La pétition ci-dessous a été élaborée par un groupe de chercheurs et d’universitaires qui nous a demandé de la relayer et de la proposer à la signature de nos adhérents.

“Nous chercheur·ses, juristes, anthropologues, sociologues, historien·nes, géographes, économistes, politistes, spécialistes des sociétés du Moyen-Orient et des mondes arabes, ainsi que nos collègues de l’ESR solidaires”

Nous souhaitons interpeller nos tutelles et collègues face aux faits graves de censure et de répression auxquels nous assistons dans l’espace public français depuis les événements dramatiques du 7 octobre. Au sein de nos universités, nous subissons des intimidations, qui se manifestent par l’annulation d’événements scientifiques, ainsi que des entraves à l’expression d’une pensée académique libre. Nous recensons de plus en plus de messages envoyés par les directions des universités, des laboratoires de recherche, du CNRS et par le ministère de l’Enseignement Supérieur et de la Recherche lui-même, invitant les chercheur·ses et enseignant·es-chercheur·ses à signaler l’expression des idées jugées non conformes. Des  accusations graves d’antisémitisme ou d’apologie du terrorisme ont déjà été  proférées à l’encontre de certain·es collègues spécialistes de la région. 

Le conflit israélo-palestinien est un des révélateurs de la police de la pensée qui s’est installée dans le monde académique français depuis plusieurs années, dans la continuité de l’invention de l’islamo-gauchisme pour disqualifier certains discours scientifiques. Cela a pu engendrer des phénomènes d’autocensure chez les chercheur·ses, entravant notre réflexion intellectuelle et remettant en cause notre déontologie professionnelle, dans une conjoncture où celle-ci s’avère d’autant plus cruciale. Cette (auto) censure ne concerne d’ailleurs pas tout le monde puisque des collègues non spécialistes ont, quant à elles et eux, pu librement multiplier tribunes, articles et communiqués sans réelle contradiction. 

La recherche libre, qui est une garantie du bon fonctionnement démocratique d’une société, a pour objectif d’informer et d’éclairer des réalités au moyen d’outils d’analyse historiques, géographiques, anthropologiques, sociologiques, économiques, juridiques et politiques. Ces outils nous permettent de produire des connaissances et des regards critiques et pluriels sur le monde. Les dynamiques inquiétantes que nous observons au sein de la sphère académique reflètent un phénomène structurel plus large de répression des paroles et d’expressions de pensées non hégémoniques. Les censeur·ses ont un biais idéologique qu’ils et elles imposent sans précaution, en refusant l’échange intellectuel, qui est au cœur de nos pratiques.
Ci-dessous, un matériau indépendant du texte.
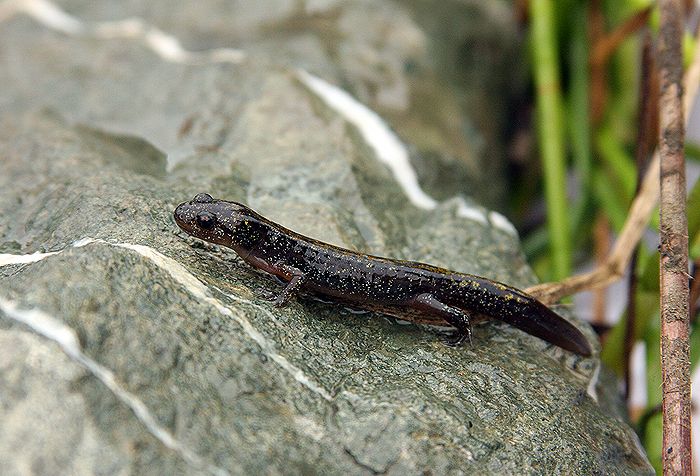 File:Ambystoma macrodactylum croceum.jpg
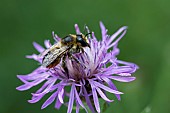 Patchwork leaf-cutter bee (Megachile centuncularis) on Knapweed (Centaurea sp), jardin des plantes in front of the Muséum national dhistoire naturelle, Paris, France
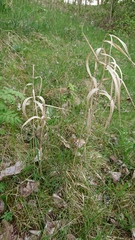 Phalaris arundinacea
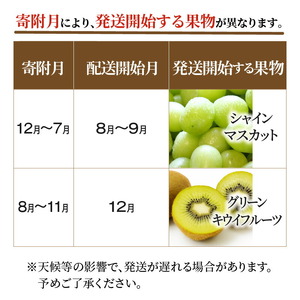 三豊市フルーツ2回お届け定期便B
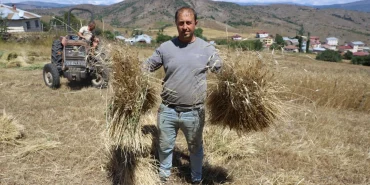 Ordu’da siyez buğdayı üretimi yüzde 1500 arttı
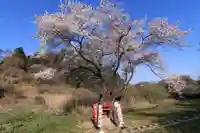 宇賀神さまの景色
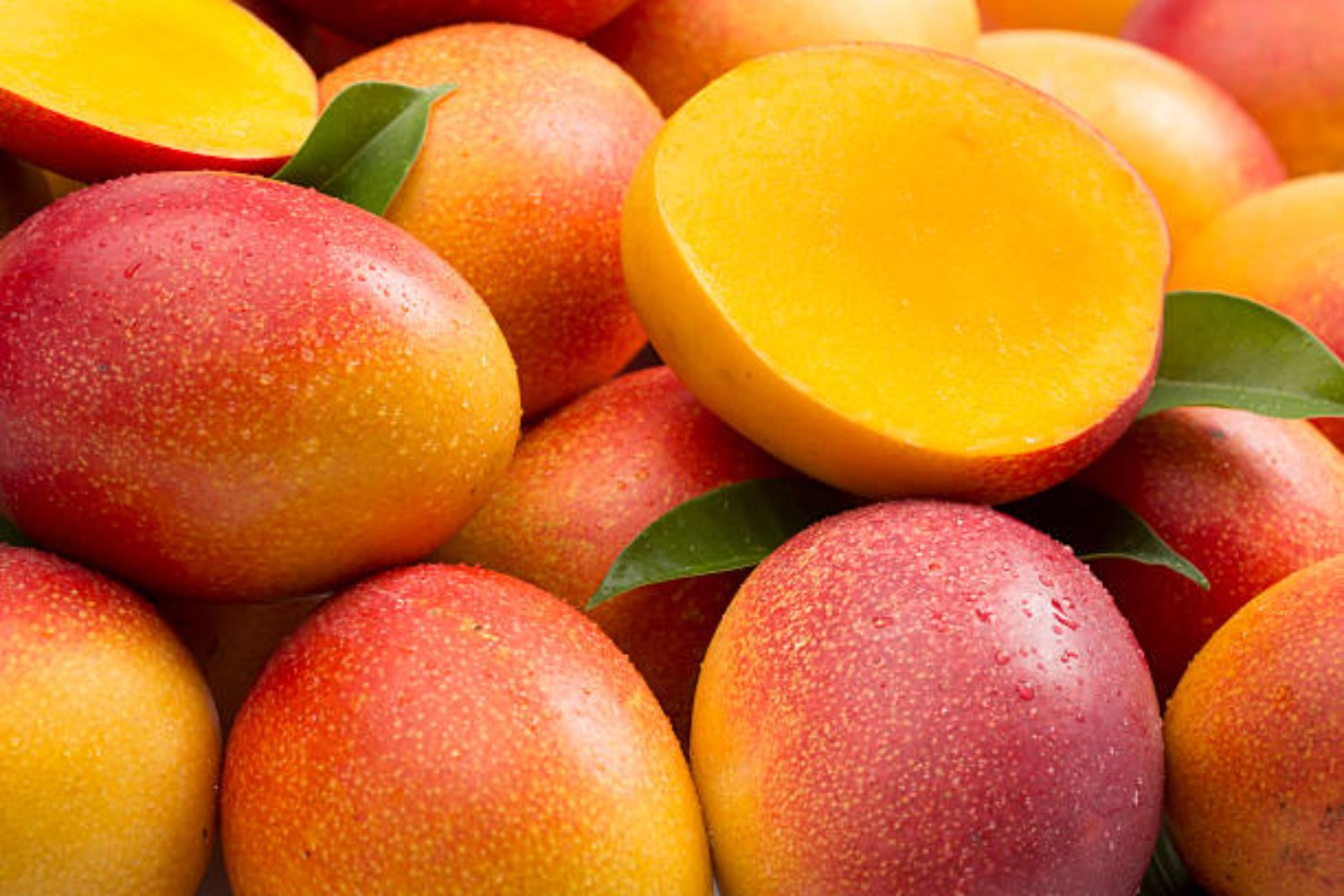 La hoja del mango podría ayudarte a combatir la inflamación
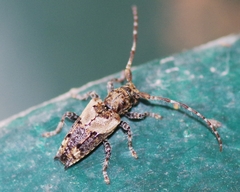 Pogonocherus hispidus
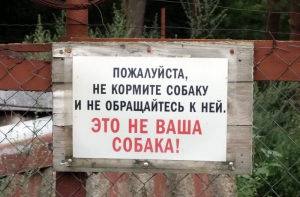 Фотоприколы
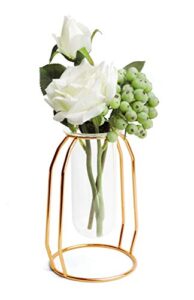 fsyueyun desktop glass vase with metal frame，modern creative hydroponics vase metal flower planter terrariums plant glass-gold (6.3inch)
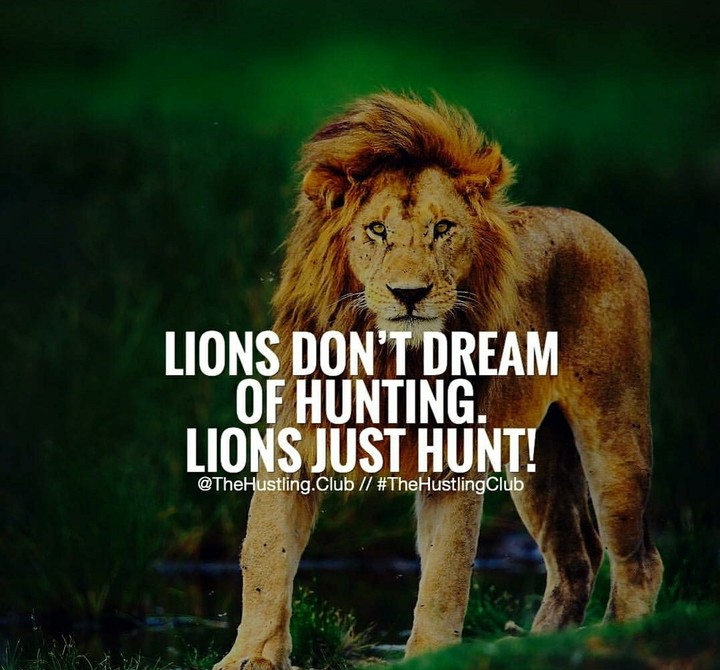 Lion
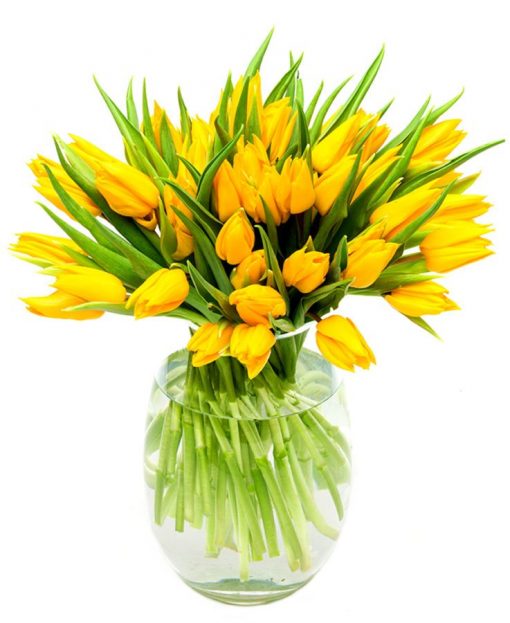 Weekly Flower Delivery – Yellow Tulips for the Home or Office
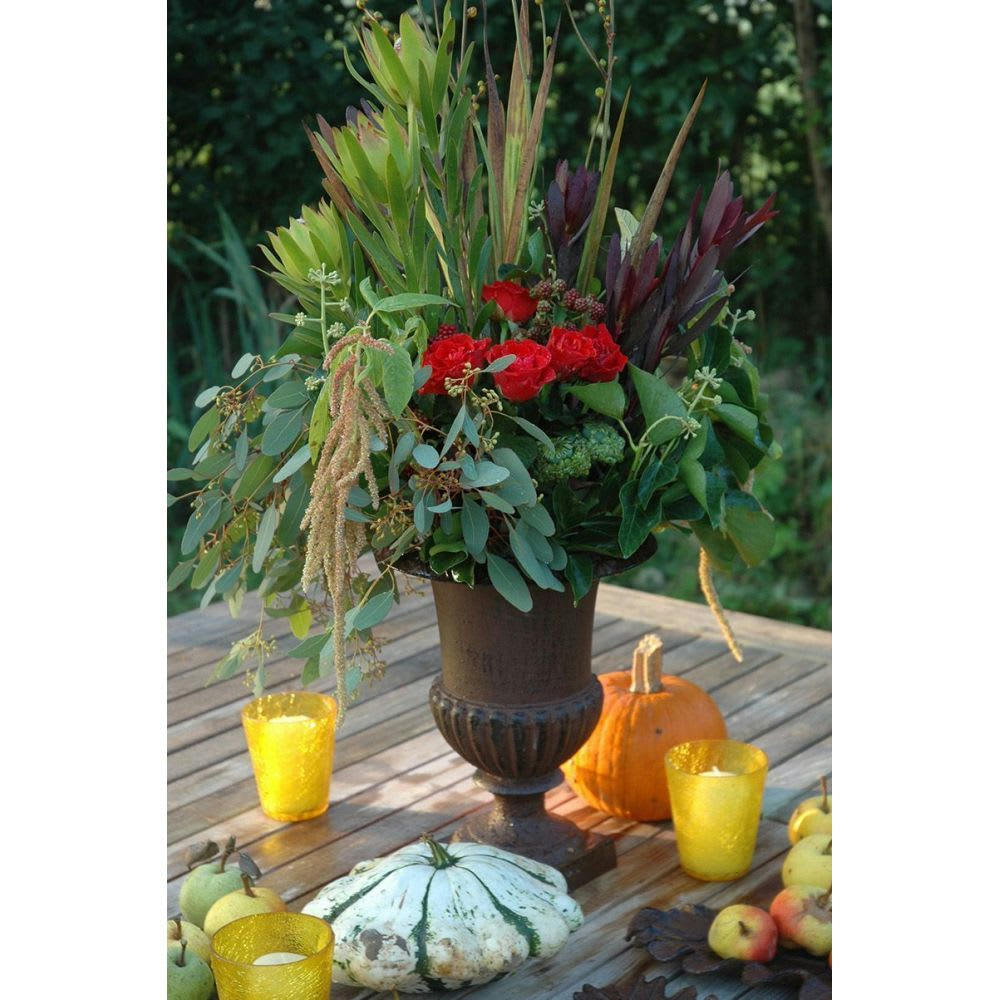 - Vase médicis en fonte hauteur 66 cm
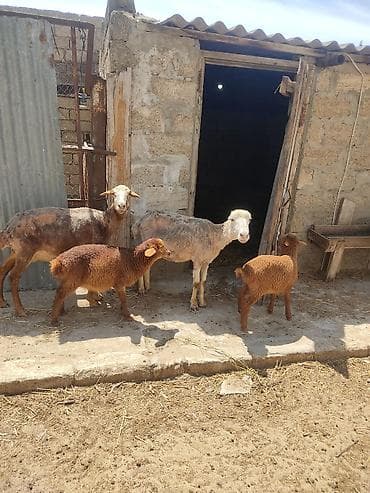 hindquşu balası: Anabala. qoyunlar quzular 3 ana 3 balla qiymet bir ana bir balaya — 1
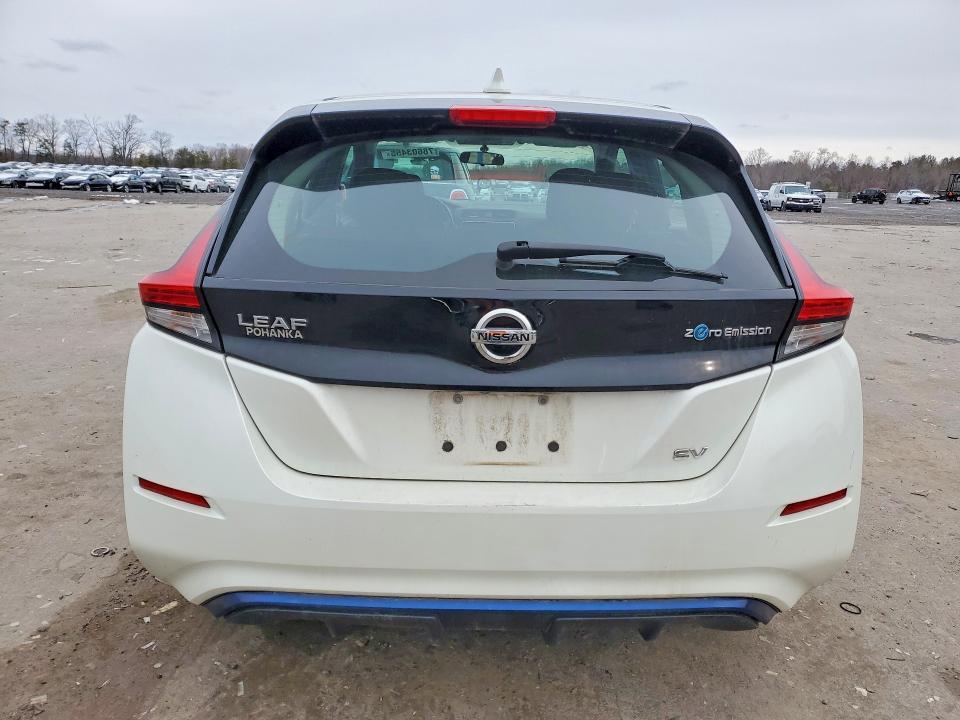 2018 Niss Leaf sv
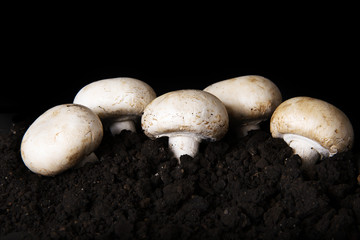 Edible button mushroom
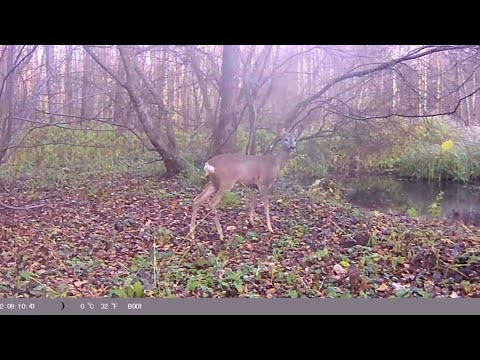 Видео: Дальні рубежі 2025-10-28_2025-11-08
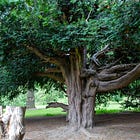 31. Bungalow Tree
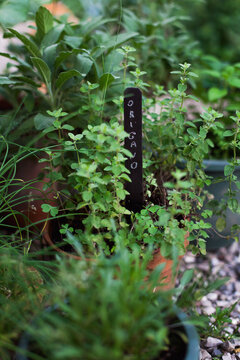 Oregano plant growing amongst other pots with chalckboard label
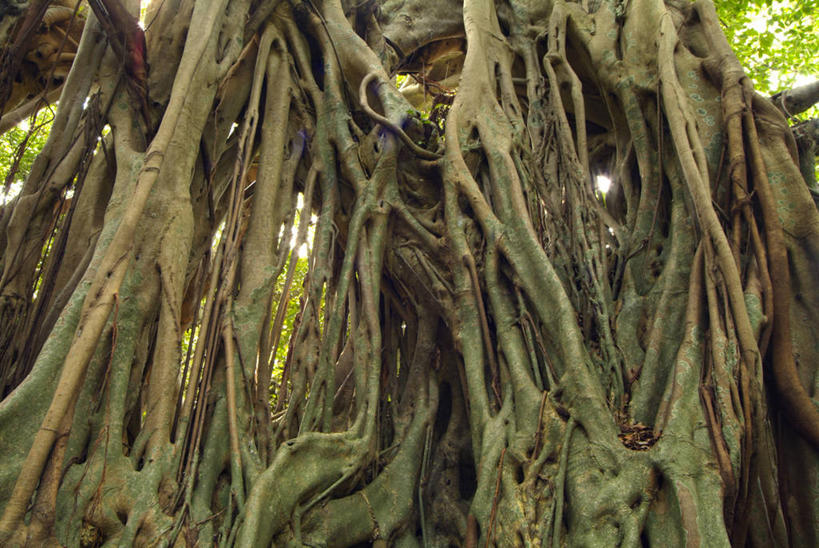 无人,横图,室外,白天,正面,旅游,度假,美景,森林,树林,植物,阴影,光线,影子,景观,树根,娱乐,树,树木,绿色,阳光,自然,享受,休闲,景色,放松,生长,成长,自然风光,彩图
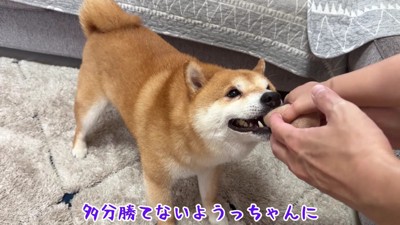 うにくんはボール遊びが大好き!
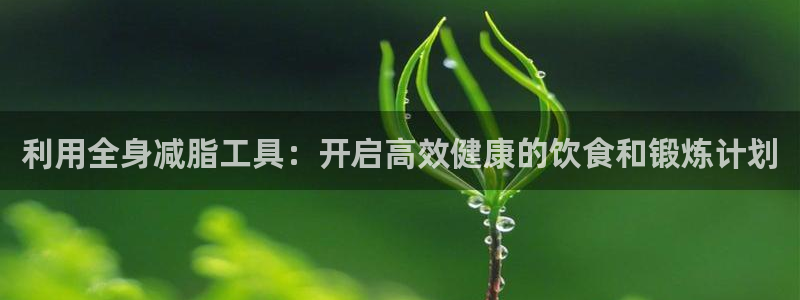 征途国际平台注册要钱吗：利用全身减脂工具：开启高效健康的饮食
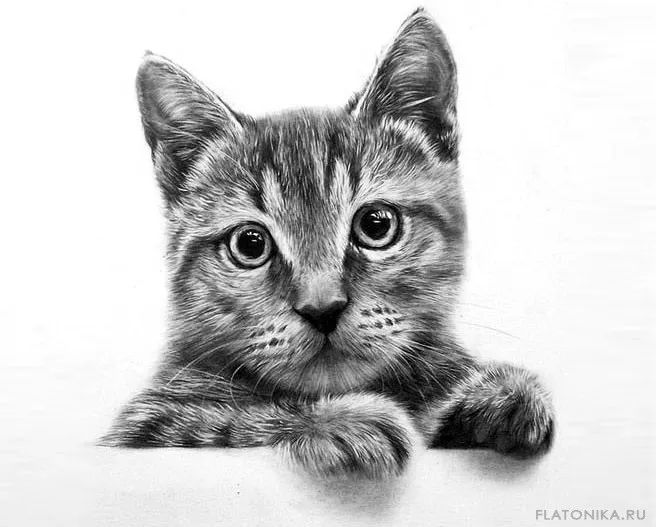 素描动物最全的收集,精微素描动物临摹高清大图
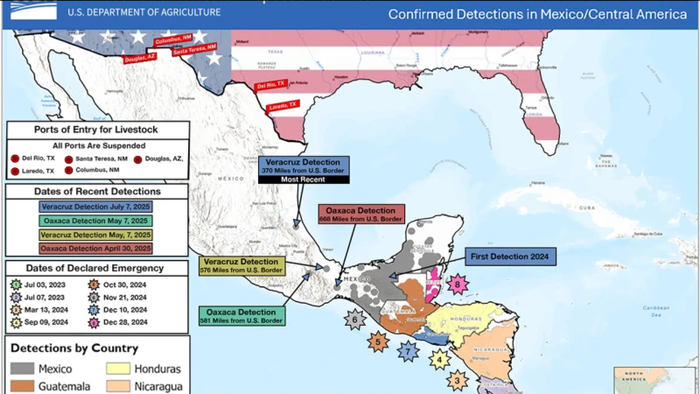 NextImg:US Orders "Immediate Shutdown" Of Mexican Cattle Trade After Cross-Border Parasitic Fly Threat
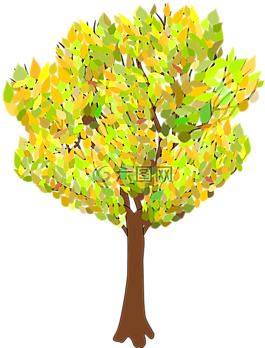 樹,秋,分支機(jī)構(gòu)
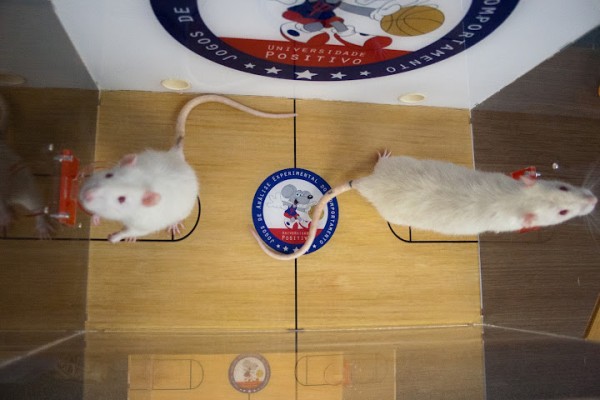 Dois ratos de laboratório jogando basquete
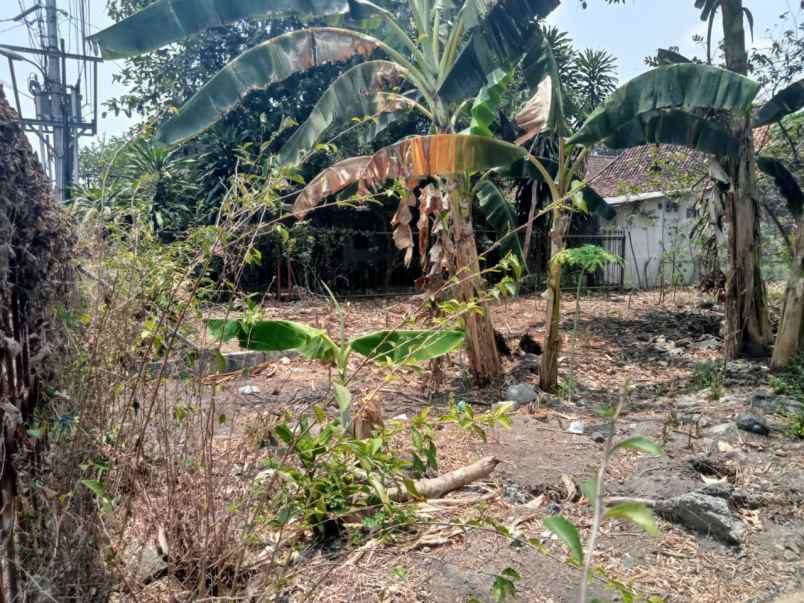 tanah luas pinggir jalan cocok di prawirotaman jogja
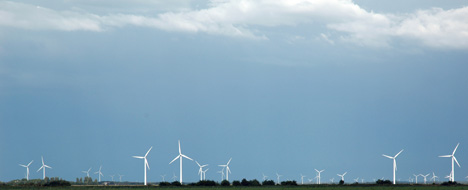 wind-farm.jpg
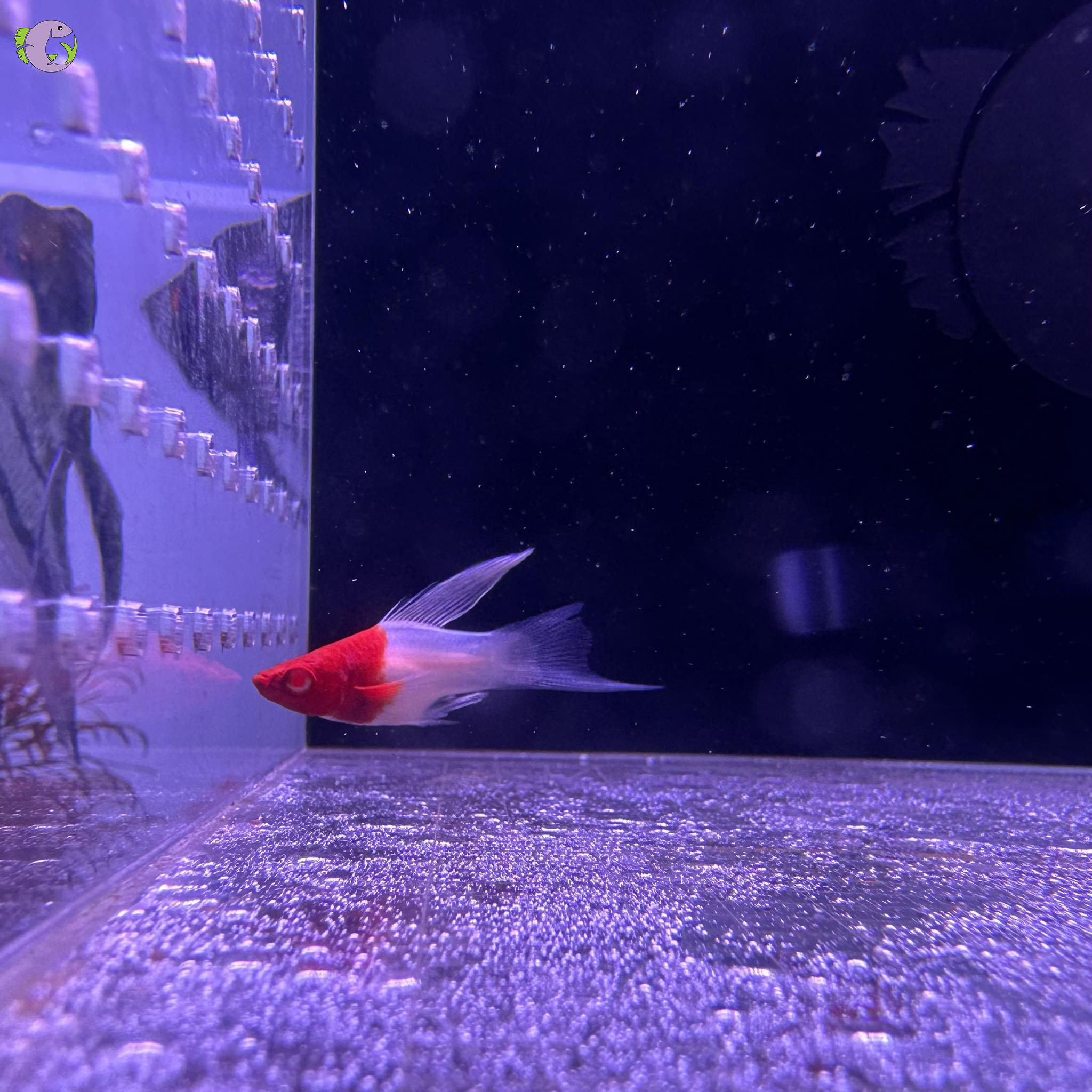 kiem-koi-short-highfin-1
Notre communauté scientifique, constituée en large partie de précaires, doit dénoncer ce climat de menace qui engendre peur et autocensure au détriment de la libre expression de nos paroles, analyses et positions politiques. Notre éthique de chercheur·ses repose sur le droit à exposer nos travaux et analyses sans détournement, interruption et procès d’intention. Nous souhaitons également réaffirmer notre droit de pouvoir soutenir des causes et exprimer nos solidarités à titre individuel, comme tout·e citoyen·ne. Pour cela nous demandons à nos tutelles de veiller à ce que cessent les intimidations, diffamations et restrictions de la parole scientifique et que nos collègues puissent être protégé·es dans leur mission de diffusion des savoirs scientifiques.